Si hay una palabra que detesto del idioma castellano, esa es exigir. En mi recorrido diario por la prensa española encuentro numerosos titulares que, utilizando ese verbo, retratan un conflicto polarizado entre dos (o más) partes. Este patrón se repite en todo tipo de desacuerdos, desde laborales a políticos y diplomáticos.
La Real Academia Española define exigir como "pedir imperiosamente algo a lo que se tiene derecho" y, sin deslegitimar ese derecho, suele ser contraproducente utilizar esa palabra en una negociación, al menos como posición de partida. La razón es que cuando una parte exige algo a otra parte siempre habrá un vencedor y un vencido, y la parte que recibe la exigencia suele adoptar una posición defensiva en la que los propios egos se convierten en los principales obstáculos de la negociación.

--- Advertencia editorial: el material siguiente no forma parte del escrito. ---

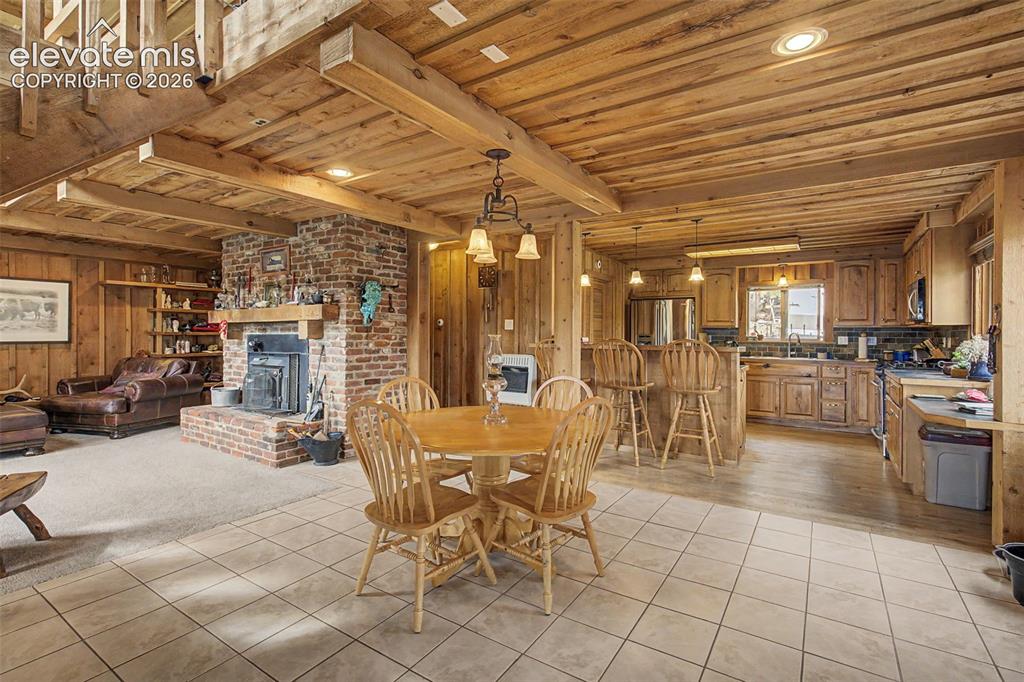 Image 4 of 34: Dining Area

Sin entrar a discutir el derecho a esta petición, cuando una parte exige algo públicamente y lo consigue, la parte que cede, pierde; y detrás de toda negociación hay seres humanos cuyos egos rehuyen una derrota pública.
Estoy convencido que muchas tensiones laborales, desacuerdos en política e incluso conflictos internacionales se allanarían utilizando un lenguaje win-win que busque cooperar y no competir en los acuerdos.